Je viens d’une famille d’ouvriers espagnols ayant fui le franquisme en 1958. Je suis né en 1962, Ma mère, marquée à jamais par les traumatismes de la guerre civile et de l’exil, sombra peu à peu dans la schizophrénie. Mes parents savaient à peine lire et écrire. À la maison, les mots manquaient, mais une étrange présence résistait : une carte postale de Goya. Et plus tard, dans ma salle de classe au collège, une reproduction de Picasso.
Dans ce contexte, l’art ne s’apparentait pas à une illustration ou à un divertissement, encore moins à une décoration. Il se distinguait radicalement du reste : des bandes dessinées, des images de Disney. Le tableau n’était pas une image parmi d’autres, il dégageait une autre qualité. Peut-être que, sans le savoir, je percevais déjà enfant cette aura dont parle Walter Benjamin. Toujours est-il que ces reproductions exerçaient sur moi une attraction puissante, magnétique, inexplicable.

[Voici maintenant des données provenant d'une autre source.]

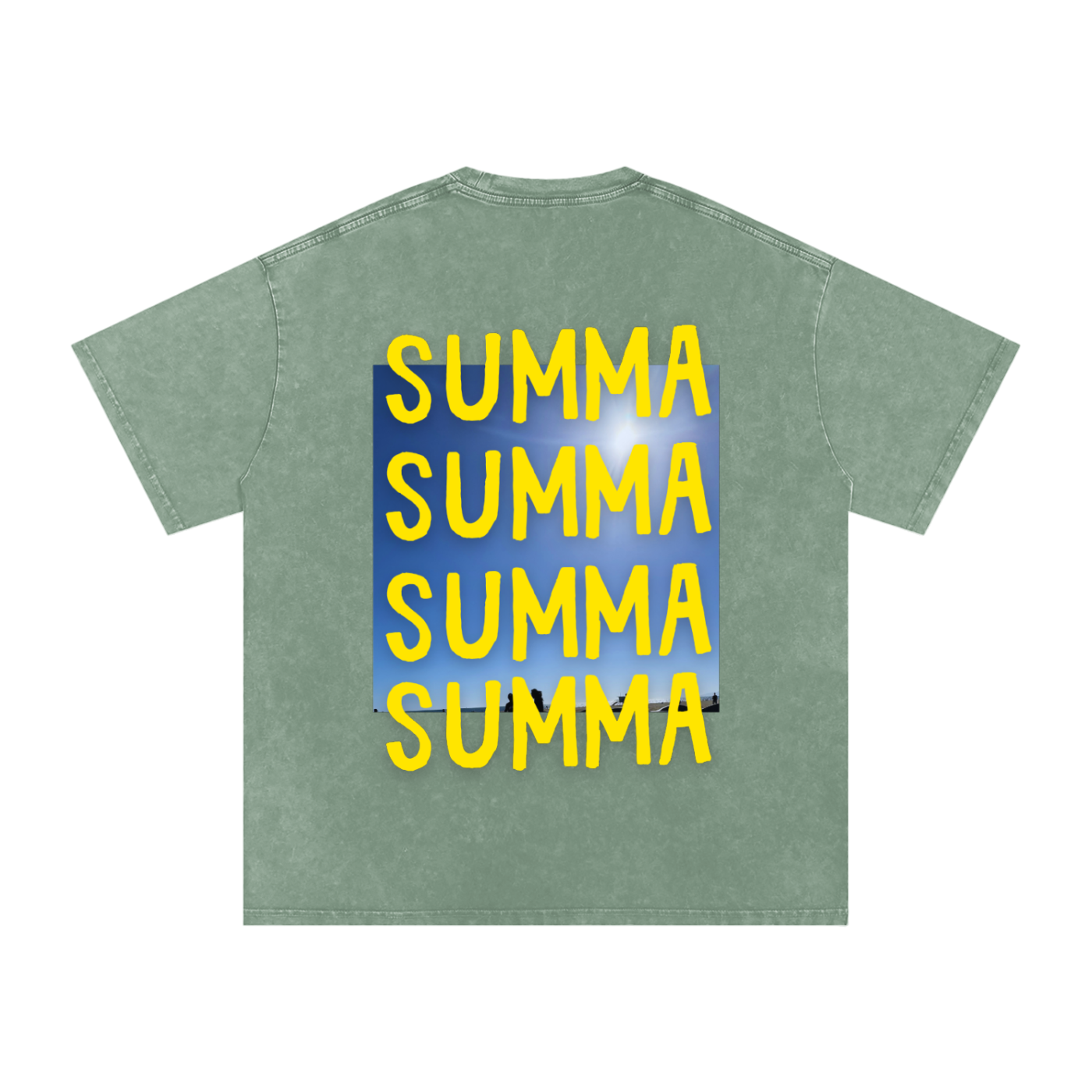 SUMMA Snow Washed Oversized Cotton T-Shirt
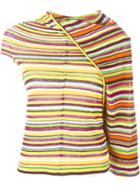 Junya Watanabe Comme Des Garçons Striped Top, Women's, Size: M, Cotton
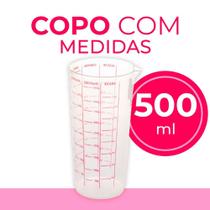 Copo Dosador Para Receitas Em Plástico Com Bico 500ml - Erca plast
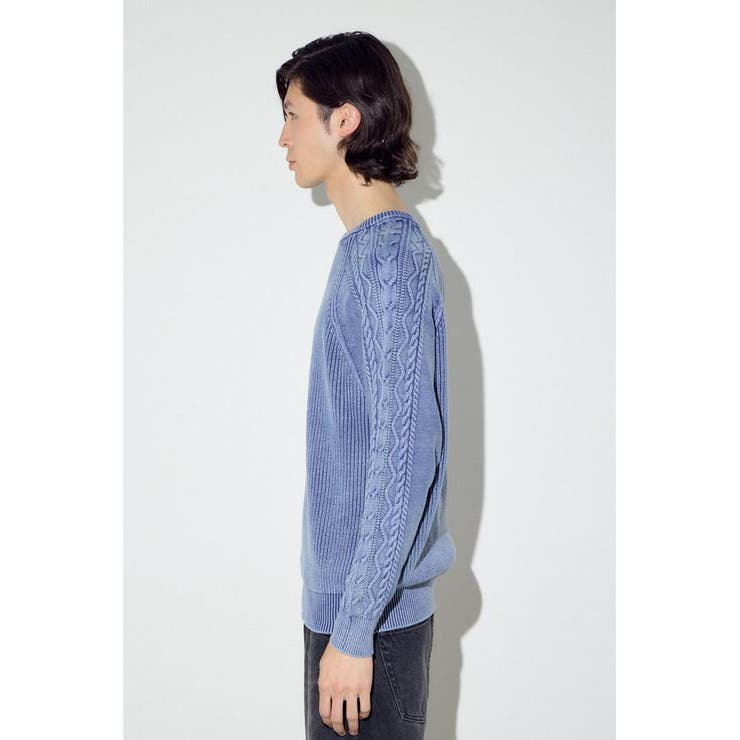 ヴィンテージウォッシュニットトップス | AZUL BY MOUSSY | 詳細画像17 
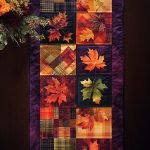 Fall Leaf Delight Quilted Table Runner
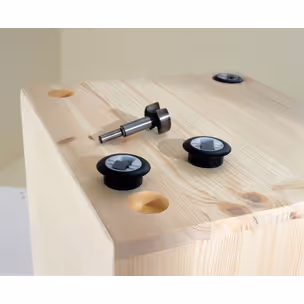 Mini rolka obrotowa Siso RO7006 - czarny / fi 15 mm / mech. hamujący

L’art est devenu un refuge. Un lieu de ressourcement. Un abri dans lequel je pouvais me retirer, loin du climat familial et scolaire, non seulement en tant que spectateur, mais aussi comme acteur, comme créateur. Il ne s’agissait pas simplement de voir, mais d’habiter, d’entrer dans la matière du tableau, d’en faire un espace où je pouvais vivre. Pour moi, l’art n’est pas une idée : c’est un lieu. Et l’esthétique, loin d’être une théorie, est une géographie. La peinture est une surface réelle, faite de matière tangible. Quand je regarde un tableau, je ne l’analyse pas : je l’envisage comme une chose que je pourrais presque emporter sous le bras, comme un morceau de monde.
Notre culture occidentale a tendance à théoriser la pratique artistique, à l’intellectualiser. Pour beaucoup, l’art est avant tout une idée, et toute leur esthétique découle de cette conception. Pour moi, c’est l’inverse : ce qui pousse à créer, de tout temps et en tout lieu, ce n’est pas une idée du désir, ni le désir d’une idée. C’est une force désirante débordante. Une poussée de vie qui cherche une forme.
La créativité, en ce sens, consiste à organiser un trop-plein. Un débordement d’émotions, de sensations, d’énergie parfois de tristesse ou de colère. Créer, c’est circonduire l’excès. Voilà pourquoi de très jeunes enfants, sans langage articulé ni ressources symboliques, créent déjà : ils dessinent, assemblent, modèlent. Ils ne le font ni pour communiquer, ni pour apprendre. Il n’y a là aucune nécessité pratique. Et pourtant, ils le font. Partout. Toujours.
Cela va bien au-delà du jeu ou de la simple curiosité animale : les enfants créent parce qu’ils débordent de vie. Parce qu’il y a en eux un désir d’être au monde si fort qu’il leur faut une forme pour l’accueillir. Le dessin, dès lors, ne répond à aucune fonction immédiate : il n’est pas indispensable pour vivre, ni pour parler, ni pour s’insérer dans la société. Mais c’est peut-être justement parce qu’il échappe à toute utilité concrète qu’il est si universellement partagé et peut-être aussi si essentiel à ce que nous appelons exister.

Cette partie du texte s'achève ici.